I’m sure you have heard of ethnically, religiously diverse households, right? There are many resources to help families navigate the different traditions and possible conflicts that can come up when two world views join together.

But what if you suddenly find yourself in a mixed household due to your views on the Coronavirus?

In my profession as a psychologist who works with moms and families, this has come up as a hot-button issue time and time again, and it is a really sensitive and challenging topic.

A “mixed COVID-19 household” is a situation whereby one partner views the immediate threat of the virus to be less severe than the other partner.

This likely creates a situation whereby one partner wants to return to “normal” activities or leave the house on a more regular basis, and the other partner has a strong preference for remaining sheltered in place under quarantine.

The reasons behind each person’s viewpoints are as complex as the reasons behind each person’s political views.

And both parties likely hold strongly onto their beliefs and see themselves as making rational and educated choices that are also highly influenced by the emotions behind them.

That is why this type of mixed COVID-19 household split can be very challenging to live with, especially when health is a factor.

The way this division typically plays out is that Parent A wants to send kids back to school, go to stores and restaurants, and see friends and family. They view these things as appropriate and conducive to the mental and emotional well-being of the family. Parent B, on the other hand, feels that the threat of COVID-19 is not gone, and that the safest thing to do for the family’s physical well-being is to remain at home as much as possible. These divisions may also fall along with personality types whereas Parent A is an extrovert and Parent B is an introvert.

The problem is that COVID-19 is a rapidly changing situation with many different research findings coming out each day, so it is hard to figure out who is “right” in this struggle.

That is because, technically speaking, both Parent A and Parent B are right.

Both have valid viewpoints that need to be acknowledged to avoid defensiveness and hurt feelings. It is likely the case that returning to some sort of normalcy is extremely beneficial on many levels, especially with children who are struggling with limited social outlets an connections. Many children will experience trauma from their time away from friends and school that will take some serious work to mend.
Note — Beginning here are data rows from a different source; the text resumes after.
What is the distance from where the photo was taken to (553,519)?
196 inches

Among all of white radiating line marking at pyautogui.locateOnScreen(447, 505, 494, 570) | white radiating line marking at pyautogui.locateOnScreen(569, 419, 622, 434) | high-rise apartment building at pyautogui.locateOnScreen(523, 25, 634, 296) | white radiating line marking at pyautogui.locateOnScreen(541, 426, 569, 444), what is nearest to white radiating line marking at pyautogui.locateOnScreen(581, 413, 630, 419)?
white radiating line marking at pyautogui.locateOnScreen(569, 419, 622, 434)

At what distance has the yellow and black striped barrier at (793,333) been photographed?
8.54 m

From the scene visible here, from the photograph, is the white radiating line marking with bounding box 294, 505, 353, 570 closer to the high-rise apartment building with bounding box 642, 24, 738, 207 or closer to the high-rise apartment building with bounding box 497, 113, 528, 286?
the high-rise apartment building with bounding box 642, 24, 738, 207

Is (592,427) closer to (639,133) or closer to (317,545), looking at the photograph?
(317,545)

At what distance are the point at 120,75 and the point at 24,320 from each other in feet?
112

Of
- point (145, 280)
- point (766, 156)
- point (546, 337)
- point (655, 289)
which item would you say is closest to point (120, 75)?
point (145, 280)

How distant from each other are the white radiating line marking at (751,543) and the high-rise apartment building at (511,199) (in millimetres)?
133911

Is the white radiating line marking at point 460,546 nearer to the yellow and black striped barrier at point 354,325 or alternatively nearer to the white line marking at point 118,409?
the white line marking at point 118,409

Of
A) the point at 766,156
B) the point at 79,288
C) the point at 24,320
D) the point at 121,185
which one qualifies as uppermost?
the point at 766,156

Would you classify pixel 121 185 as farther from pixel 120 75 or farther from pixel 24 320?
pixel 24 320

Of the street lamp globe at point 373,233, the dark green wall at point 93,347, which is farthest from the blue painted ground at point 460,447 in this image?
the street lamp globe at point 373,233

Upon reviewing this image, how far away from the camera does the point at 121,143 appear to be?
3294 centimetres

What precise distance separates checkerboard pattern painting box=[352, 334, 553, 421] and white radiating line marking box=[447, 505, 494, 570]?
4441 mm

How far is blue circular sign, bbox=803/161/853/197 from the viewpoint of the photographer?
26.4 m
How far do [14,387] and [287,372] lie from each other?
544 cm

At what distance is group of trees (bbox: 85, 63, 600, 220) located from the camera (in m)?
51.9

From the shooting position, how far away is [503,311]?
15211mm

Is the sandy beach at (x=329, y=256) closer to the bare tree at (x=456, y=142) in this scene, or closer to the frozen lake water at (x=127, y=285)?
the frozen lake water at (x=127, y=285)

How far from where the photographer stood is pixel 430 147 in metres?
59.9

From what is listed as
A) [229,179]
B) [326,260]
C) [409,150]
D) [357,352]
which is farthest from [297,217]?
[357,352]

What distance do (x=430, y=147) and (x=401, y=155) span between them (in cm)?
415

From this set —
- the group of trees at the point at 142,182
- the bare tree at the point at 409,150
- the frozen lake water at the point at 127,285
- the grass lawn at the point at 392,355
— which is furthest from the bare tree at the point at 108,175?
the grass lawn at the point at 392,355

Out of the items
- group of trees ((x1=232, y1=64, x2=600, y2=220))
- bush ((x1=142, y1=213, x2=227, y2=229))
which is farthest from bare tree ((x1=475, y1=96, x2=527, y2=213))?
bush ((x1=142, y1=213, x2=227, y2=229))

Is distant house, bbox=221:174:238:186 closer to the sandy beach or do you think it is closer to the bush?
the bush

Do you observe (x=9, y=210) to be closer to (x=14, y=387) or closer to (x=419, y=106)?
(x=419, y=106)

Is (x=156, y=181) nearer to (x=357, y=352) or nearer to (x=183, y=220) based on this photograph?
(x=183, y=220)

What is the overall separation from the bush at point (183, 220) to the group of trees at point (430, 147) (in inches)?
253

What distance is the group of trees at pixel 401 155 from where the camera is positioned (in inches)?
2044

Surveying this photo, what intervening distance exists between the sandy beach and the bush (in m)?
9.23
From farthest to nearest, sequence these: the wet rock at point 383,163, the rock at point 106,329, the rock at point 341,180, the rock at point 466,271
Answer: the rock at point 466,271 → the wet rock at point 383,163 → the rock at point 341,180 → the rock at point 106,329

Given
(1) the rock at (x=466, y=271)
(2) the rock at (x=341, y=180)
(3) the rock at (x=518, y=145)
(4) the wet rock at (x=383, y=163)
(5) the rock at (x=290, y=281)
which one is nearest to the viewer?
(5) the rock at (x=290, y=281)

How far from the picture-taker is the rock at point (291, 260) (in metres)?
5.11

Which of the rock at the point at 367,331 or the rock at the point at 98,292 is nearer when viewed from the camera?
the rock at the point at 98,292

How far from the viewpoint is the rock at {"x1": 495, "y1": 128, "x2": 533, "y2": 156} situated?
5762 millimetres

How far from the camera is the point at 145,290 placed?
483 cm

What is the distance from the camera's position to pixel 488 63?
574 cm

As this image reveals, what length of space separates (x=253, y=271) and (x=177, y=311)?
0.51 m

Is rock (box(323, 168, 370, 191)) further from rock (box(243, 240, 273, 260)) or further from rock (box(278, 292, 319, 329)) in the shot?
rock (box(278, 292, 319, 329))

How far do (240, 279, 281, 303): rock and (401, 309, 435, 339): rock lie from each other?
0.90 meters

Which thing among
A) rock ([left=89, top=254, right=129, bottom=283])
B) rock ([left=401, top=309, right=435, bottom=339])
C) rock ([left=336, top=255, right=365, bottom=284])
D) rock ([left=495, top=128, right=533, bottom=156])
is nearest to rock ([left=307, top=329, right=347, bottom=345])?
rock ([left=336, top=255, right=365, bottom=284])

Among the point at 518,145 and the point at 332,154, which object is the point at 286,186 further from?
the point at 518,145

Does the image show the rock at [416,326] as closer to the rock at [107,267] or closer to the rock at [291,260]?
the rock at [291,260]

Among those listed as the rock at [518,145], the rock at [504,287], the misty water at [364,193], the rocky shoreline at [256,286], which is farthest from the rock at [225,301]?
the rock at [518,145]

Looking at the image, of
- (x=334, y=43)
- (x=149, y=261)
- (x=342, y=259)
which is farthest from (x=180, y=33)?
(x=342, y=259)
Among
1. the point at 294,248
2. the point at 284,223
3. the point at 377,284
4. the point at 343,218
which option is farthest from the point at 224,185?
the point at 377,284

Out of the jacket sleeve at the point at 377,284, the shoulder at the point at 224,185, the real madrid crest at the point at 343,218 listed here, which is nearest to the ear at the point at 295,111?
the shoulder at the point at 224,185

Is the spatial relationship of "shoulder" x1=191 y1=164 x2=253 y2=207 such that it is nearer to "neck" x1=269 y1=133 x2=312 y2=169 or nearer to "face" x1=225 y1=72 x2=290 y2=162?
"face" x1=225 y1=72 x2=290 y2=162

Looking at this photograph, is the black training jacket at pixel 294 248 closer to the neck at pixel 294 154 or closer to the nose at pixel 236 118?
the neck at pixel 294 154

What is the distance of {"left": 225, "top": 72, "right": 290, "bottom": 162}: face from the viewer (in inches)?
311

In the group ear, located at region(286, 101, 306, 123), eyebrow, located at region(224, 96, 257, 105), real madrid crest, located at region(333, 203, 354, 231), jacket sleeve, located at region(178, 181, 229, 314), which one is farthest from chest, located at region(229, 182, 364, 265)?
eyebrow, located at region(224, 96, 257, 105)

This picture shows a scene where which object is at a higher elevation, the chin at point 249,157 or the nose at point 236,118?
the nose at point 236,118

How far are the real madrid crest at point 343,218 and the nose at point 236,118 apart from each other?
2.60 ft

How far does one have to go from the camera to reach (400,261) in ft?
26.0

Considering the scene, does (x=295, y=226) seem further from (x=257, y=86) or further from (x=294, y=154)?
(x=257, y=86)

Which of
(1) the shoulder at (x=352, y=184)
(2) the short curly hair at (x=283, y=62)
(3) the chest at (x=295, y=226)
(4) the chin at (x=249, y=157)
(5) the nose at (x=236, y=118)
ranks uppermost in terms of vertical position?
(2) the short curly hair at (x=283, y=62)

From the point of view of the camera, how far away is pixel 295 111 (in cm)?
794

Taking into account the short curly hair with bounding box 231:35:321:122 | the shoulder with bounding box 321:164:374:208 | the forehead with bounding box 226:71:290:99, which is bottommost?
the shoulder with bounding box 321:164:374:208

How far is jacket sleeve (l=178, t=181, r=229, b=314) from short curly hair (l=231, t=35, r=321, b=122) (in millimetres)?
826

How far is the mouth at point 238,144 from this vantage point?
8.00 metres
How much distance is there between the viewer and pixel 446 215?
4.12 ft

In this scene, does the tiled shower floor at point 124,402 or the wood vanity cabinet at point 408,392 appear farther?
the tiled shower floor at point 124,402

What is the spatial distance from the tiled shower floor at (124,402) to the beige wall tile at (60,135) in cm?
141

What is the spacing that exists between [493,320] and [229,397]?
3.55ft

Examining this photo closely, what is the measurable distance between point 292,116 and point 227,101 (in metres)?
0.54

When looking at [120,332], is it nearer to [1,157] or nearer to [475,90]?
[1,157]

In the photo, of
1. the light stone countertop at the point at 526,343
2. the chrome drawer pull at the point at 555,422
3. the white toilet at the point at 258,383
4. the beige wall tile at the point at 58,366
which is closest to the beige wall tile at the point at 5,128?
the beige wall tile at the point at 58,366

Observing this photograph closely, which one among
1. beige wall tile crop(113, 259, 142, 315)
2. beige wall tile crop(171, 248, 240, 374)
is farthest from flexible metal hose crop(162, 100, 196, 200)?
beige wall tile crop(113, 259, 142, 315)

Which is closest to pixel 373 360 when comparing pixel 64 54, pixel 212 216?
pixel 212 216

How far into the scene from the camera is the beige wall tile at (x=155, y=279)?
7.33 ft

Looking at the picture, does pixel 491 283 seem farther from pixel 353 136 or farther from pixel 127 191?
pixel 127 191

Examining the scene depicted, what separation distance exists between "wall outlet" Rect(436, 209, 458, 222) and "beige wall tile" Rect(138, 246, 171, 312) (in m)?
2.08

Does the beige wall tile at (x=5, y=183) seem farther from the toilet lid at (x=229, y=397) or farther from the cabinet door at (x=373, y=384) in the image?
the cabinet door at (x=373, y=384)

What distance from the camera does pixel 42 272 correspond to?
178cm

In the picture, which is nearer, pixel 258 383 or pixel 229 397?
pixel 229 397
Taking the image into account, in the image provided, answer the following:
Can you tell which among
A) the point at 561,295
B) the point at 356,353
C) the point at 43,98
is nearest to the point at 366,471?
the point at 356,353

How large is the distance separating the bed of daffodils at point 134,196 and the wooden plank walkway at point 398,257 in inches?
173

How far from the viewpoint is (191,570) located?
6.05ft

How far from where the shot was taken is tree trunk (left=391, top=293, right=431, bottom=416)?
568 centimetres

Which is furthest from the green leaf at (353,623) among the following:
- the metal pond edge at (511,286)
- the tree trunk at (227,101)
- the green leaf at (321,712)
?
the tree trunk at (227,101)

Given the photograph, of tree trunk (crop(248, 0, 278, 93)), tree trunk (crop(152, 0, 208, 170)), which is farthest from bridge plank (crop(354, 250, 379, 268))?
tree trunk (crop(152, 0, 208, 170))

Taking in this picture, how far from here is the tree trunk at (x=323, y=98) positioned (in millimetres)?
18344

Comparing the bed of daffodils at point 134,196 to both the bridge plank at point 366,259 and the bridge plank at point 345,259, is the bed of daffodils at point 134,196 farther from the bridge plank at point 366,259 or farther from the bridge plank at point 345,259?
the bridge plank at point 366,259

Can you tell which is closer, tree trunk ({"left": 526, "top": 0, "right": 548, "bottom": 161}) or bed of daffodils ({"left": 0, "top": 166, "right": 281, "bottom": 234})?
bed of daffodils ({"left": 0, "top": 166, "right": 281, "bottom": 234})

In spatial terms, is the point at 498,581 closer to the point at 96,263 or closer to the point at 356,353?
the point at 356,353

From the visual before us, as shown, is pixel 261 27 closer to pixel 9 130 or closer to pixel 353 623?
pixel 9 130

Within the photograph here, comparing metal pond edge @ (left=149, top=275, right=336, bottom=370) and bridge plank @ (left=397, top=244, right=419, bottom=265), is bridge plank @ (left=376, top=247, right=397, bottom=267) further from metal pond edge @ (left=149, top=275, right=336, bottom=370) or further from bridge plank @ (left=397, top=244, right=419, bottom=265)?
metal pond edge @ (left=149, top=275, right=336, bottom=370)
And it is also very true that in many states, the rates of new Coronavirus cases are increasing, which means that the threat of infection isn’t going anywhere. If you add in the recently discovered Kawasaki Disease-like condition affecting children who have been exposed to COVID-19, you have a very alarming reality that would mean that home truly may be the safest place for everyone.

So, what do you do when both parents in a mixed COVID-19 household are right but both of the strategies they want to adopt are in direct conflict?

The answer is to first come to the table and validate each other. This isn’t a situation where one parent wins and the other loses. In fact, it should never play out like that, no matter what the argument is. Relationships are based on communication and compromise, and you need both to move forward in a productive way. So, your first strategy would be to talk about your needs and your concerns openly and honestly with your partner.

And when the other person is sharing, do your best to just listen and to acknowledge what they are saying in a genuine way.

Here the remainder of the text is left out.